【モダンCB論】S・ラモスやピケが頂点に君臨する理由。カンナバーロは現代なら困難も?

2017年06月20日 片野道郎

CBにとって最重要なのはやはり「守備者」としての能力。

現代最高のCBと言われるピケ、S・ラモス、T・シウバ。いずれもあらゆる能力が高い。(C)Getty Images

 モダンフットボールにおいてセンターバック(CB)に求められる資質とは何か。この問いに答える前に、まずはポジションについての考察が必要だろう。
 
 攻撃と守備という2つの局面から成り立つサッカーというゲームにおいてCBは、全フィールドプレーヤーの中で守備の比重が最も高いポジションである。最大の役割は、チームの最後尾中央に位置してゴールをプロテクトすること。したがって、守備の局面においてプレー機会が訪れるのは、ここで相手の攻撃を防がなければ失点に直結するような状況になった時(あるいはひとつ間違えばそうなる時)だ。
 
 そこで求められるのは、目の前の敵にシュートを打たせないことであり、そのもうひとつ前の段階ではボールに触らせない(あるいは触っても前を向かせない)こと。つまるところ、CBにとって最も重要なのは、敵のFWを止める「守備者」としての仕事ということになる。
 
 守備者としてCBが直面する具体的なプレー状況は、大きく3つに分けることができる。

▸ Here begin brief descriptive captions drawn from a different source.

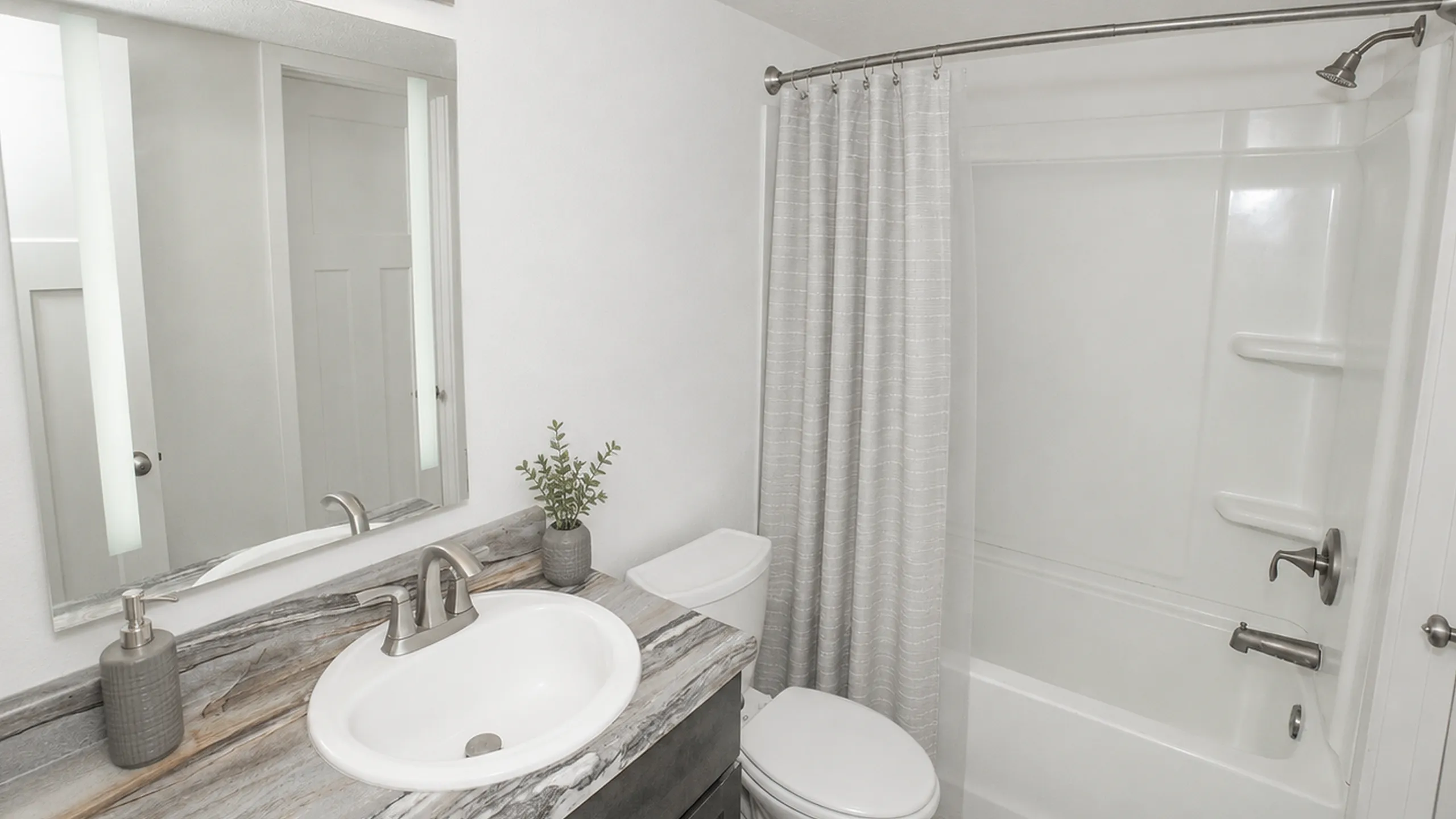 Contemporary bathroom with elegant lighting, a sleek vanity, and a bathtub with a soft gray shower curtain.
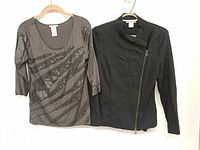 Front view of both garments hanging: grey blouse left, black blazer right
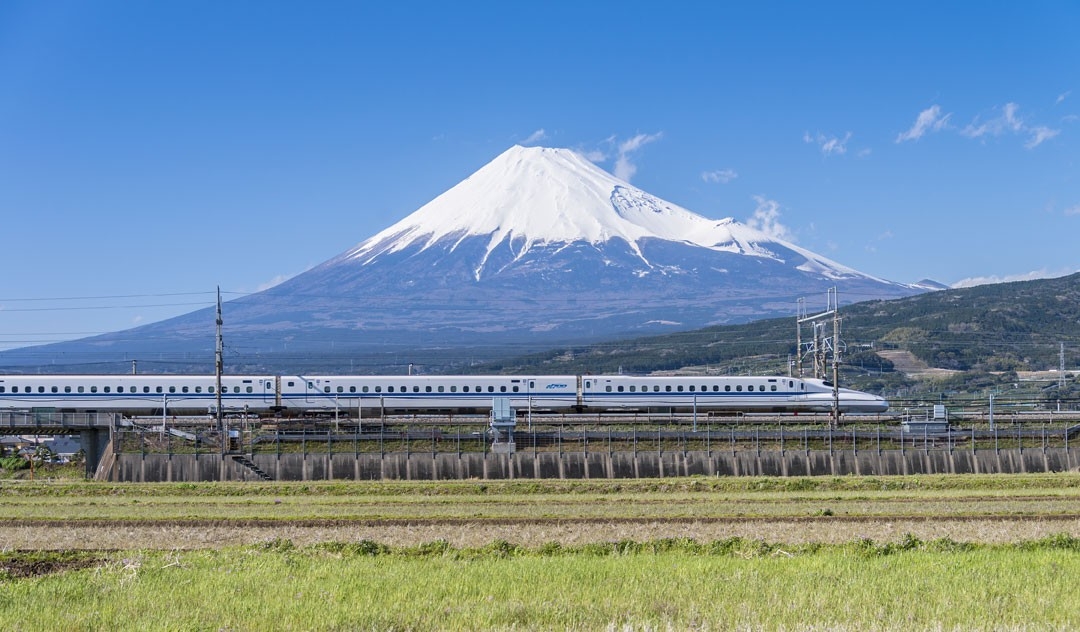 A "bullet train" speeds past Mount Fuji.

そして、そのそれぞれにおいて、求められる資質は少しずつ異なってくる。
 
 ひとつはゴール前の狭いスペースでボールを巡って敵FWと対峙する状況、いわゆる「デュエル」だ。それがクロスやロングパスをめぐる空中戦であれば、高さ(身長、跳躍力)や当たりの強さ(体格、体重)で相手と互角に渡り合えることが必須条件。地上戦においても、最後の25メートルにおけるデュエルでは、まずフィジカルコンタクトの強さがモノを言う。レオナルド・ボヌッチ(ユベントス)、マッツ・フンメルス(バイエルン)、ディエゴ・ゴディン(アトレティコ・マドリー)といった大型CBは、まずこの点で優位に立っており、とりわけ空中戦では無敵に近い強さを誇っている。
 
 同じ対人バトルでも地上戦の場合には、フィジカルコンタクトの強さに加えて、狭いスペースでの反応性やアジリティーも重要になってくる。近年はどの国でも育成年代でコーディネーション・トレーニングが重視されるようになってきて、ジェローム・ボアテング(バイエルン)、ステファン・サビッチ(A・マドリー)、ジョン・ストーンズ(マンチェスター・C)、アレッシオ・ロマニョーリ(ミラン)などのように、180センチ台後半から190センチ台という大柄な体格に高いレベルのアジリティーを備え、小柄でクイックなアタッカーとの1対1も苦にしない大型CBが増えてきた。
 
 いずれにしても、ゴール前のデュエルではまずフィジカルで相手に負けないことが最低条件。この10年で大型化が進んだ結果、今や最低でも185センチの身長がなければCBは務まらない時代になりつつある。それ以下の身長でそれなりのレベルに達するためには、以下で見る他の資質において抜きん出ていることが絶対不可欠だ。